▶ **Task goal**:
Reproduce every entry exactly as written.

[[ Material for this task, beginning ]]

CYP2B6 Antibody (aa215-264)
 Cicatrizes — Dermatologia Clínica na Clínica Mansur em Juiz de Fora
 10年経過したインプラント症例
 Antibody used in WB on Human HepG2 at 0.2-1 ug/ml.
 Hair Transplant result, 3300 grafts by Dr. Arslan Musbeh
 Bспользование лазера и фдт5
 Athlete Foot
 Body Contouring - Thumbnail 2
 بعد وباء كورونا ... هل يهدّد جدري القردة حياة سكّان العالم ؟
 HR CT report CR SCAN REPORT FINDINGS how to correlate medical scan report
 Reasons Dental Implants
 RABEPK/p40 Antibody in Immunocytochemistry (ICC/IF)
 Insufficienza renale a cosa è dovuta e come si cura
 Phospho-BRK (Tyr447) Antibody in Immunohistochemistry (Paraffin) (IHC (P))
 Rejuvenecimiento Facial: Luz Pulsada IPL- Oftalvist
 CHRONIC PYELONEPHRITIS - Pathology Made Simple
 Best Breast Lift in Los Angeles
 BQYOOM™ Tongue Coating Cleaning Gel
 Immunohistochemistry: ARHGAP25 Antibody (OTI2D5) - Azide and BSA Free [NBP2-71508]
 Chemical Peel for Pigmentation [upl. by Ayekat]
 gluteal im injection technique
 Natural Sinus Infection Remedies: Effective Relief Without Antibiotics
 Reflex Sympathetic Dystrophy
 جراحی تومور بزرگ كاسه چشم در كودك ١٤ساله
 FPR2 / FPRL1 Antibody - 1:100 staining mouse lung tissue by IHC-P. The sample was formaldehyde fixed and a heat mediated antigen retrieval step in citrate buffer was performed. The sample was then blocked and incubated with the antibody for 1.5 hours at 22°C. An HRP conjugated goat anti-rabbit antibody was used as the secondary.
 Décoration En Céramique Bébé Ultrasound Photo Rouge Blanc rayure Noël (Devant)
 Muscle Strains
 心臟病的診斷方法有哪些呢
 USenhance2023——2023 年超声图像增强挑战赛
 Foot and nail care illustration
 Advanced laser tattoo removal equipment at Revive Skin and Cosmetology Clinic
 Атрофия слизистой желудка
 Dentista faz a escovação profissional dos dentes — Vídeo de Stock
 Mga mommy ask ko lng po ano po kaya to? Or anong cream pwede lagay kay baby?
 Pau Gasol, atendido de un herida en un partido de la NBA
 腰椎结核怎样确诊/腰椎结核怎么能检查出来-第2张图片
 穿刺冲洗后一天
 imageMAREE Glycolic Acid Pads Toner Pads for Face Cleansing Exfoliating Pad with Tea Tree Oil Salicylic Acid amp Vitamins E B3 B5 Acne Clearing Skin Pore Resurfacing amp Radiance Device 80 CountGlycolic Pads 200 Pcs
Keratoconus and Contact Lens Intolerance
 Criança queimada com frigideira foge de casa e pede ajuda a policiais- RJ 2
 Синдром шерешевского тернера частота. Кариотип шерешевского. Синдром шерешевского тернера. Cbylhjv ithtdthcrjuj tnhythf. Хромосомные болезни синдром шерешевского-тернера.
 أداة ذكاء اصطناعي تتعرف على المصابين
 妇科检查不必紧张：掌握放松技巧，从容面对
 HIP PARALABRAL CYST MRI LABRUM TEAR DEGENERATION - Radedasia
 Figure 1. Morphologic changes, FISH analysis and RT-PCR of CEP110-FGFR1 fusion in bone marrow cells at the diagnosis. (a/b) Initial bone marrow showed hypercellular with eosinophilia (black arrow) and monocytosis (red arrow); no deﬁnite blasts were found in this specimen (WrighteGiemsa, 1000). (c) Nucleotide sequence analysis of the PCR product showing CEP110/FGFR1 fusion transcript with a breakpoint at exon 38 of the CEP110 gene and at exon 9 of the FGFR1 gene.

[[ Material for this task, end ]]

▶ **Output**:
CYP2B6 Antibody (aa215-264)
 Cicatrizes — Dermatologia Clínica na Clínica Mansur em Juiz de Fora
 10年経過したインプラント症例
 Antibody used in WB on Human HepG2 at 0.2-1 ug/ml.
 Hair Transplant result, 3300 grafts by Dr. Arslan Musbeh
 Bспользование лазера и фдт5
 Athlete Foot
 Body Contouring - Thumbnail 2
 بعد وباء كورونا ... هل يهدّد جدري القردة حياة سكّان العالم ؟
 HR CT report CR SCAN REPORT FINDINGS how to correlate medical scan report
 Reasons Dental Implants
 RABEPK/p40 Antibody in Immunocytochemistry (ICC/IF)
 Insufficienza renale a cosa è dovuta e come si cura
 Phospho-BRK (Tyr447) Antibody in Immunohistochemistry (Paraffin) (IHC (P))
 Rejuvenecimiento Facial: Luz Pulsada IPL- Oftalvist
 CHRONIC PYELONEPHRITIS - Pathology Made Simple
 Best Breast Lift in Los Angeles
 BQYOOM™ Tongue Coating Cleaning Gel
 Immunohistochemistry: ARHGAP25 Antibody (OTI2D5) - Azide and BSA Free [NBP2-71508]
 Chemical Peel for Pigmentation [upl. by Ayekat]
 gluteal im injection technique
 Natural Sinus Infection Remedies: Effective Relief Without Antibiotics
 Reflex Sympathetic Dystrophy
 جراحی تومور بزرگ كاسه چشم در كودك ١٤ساله
 FPR2 / FPRL1 Antibody - 1:100 staining mouse lung tissue by IHC-P. The sample was formaldehyde fixed and a heat mediated antigen retrieval step in citrate buffer was performed. The sample was then blocked and incubated with the antibody for 1.5 hours at 22°C. An HRP conjugated goat anti-rabbit antibody was used as the secondary.
 Décoration En Céramique Bébé Ultrasound Photo Rouge Blanc rayure Noël (Devant)
 Muscle Strains
 心臟病的診斷方法有哪些呢
 USenhance2023——2023 年超声图像增强挑战赛
 Foot and nail care illustration
 Advanced laser tattoo removal equipment at Revive Skin and Cosmetology Clinic
 Атрофия слизистой желудка
 Dentista faz a escovação profissional dos dentes — Vídeo de Stock
 Mga mommy ask ko lng po ano po kaya to? Or anong cream pwede lagay kay baby?
 Pau Gasol, atendido de un herida en un partido de la NBA
 腰椎结核怎样确诊/腰椎结核怎么能检查出来-第2张图片
 穿刺冲洗后一天
 imageMAREE Glycolic Acid Pads Toner Pads for Face Cleansing Exfoliating Pad with Tea Tree Oil Salicylic Acid amp Vitamins E B3 B5 Acne Clearing Skin Pore Resurfacing amp Radiance Device 80 CountGlycolic Pads 200 Pcs
Keratoconus and Contact Lens Intolerance
 Criança queimada com frigideira foge de casa e pede ajuda a policiais- RJ 2
 Синдром шерешевского тернера частота. Кариотип шерешевского. Синдром шерешевского тернера. Cbylhjv ithtdthcrjuj tnhythf. Хромосомные болезни синдром шерешевского-тернера.
 أداة ذكاء اصطناعي تتعرف على المصابين
 妇科检查不必紧张：掌握放松技巧，从容面对
 HIP PARALABRAL CYST MRI LABRUM TEAR DEGENERATION - Radedasia
 Figure 1. Morphologic changes, FISH analysis and RT-PCR of CEP110-FGFR1 fusion in bone marrow cells at the diagnosis. (a/b) Initial bone marrow showed hypercellular with eosinophilia (black arrow) and monocytosis (red arrow); no deﬁnite blasts were found in this specimen (WrighteGiemsa, 1000). (c) Nucleotide sequence analysis of the PCR product showing CEP110/FGFR1 fusion transcript with a breakpoint at exon 38 of the CEP110 gene and at exon 9 of the FGFR1 gene.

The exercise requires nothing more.